● **Stored data**:
☆ ☆ ☆ ☆ ☆ ☆ ☆
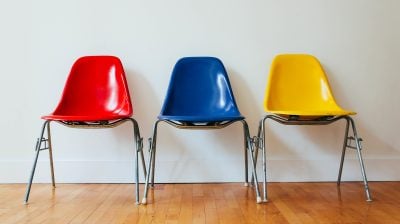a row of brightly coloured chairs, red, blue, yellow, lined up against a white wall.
☆ ☆ ☆ ☆ ☆ ☆ ☆
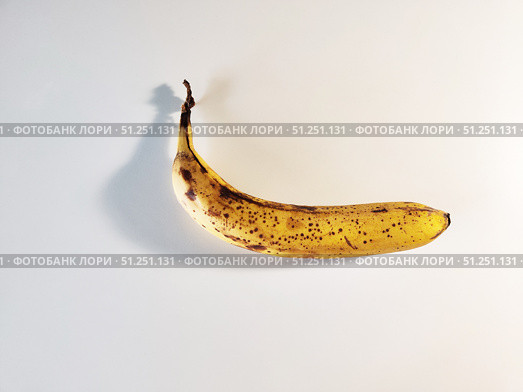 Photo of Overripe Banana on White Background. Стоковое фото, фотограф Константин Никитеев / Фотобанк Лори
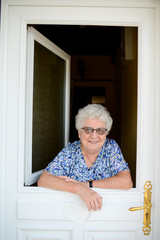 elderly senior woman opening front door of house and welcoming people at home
☆ ☆ ☆ ☆ ☆ ☆ ☆
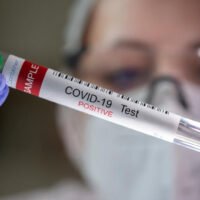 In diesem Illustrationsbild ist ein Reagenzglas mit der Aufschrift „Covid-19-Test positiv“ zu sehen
☆ ☆ ☆ ☆ ☆ ☆ ☆
Give again the stretch of lines above from the one with "Photo of Overripe" through the one with "elderly senior woman", both ends kept, and copy no pictures.

● **Written reply**:
 Photo of Overripe Banana on White Background. Стоковое фото, фотограф Константин Никитеев / Фотобанк Лори
 elderly senior woman opening front door of house and welcoming people at home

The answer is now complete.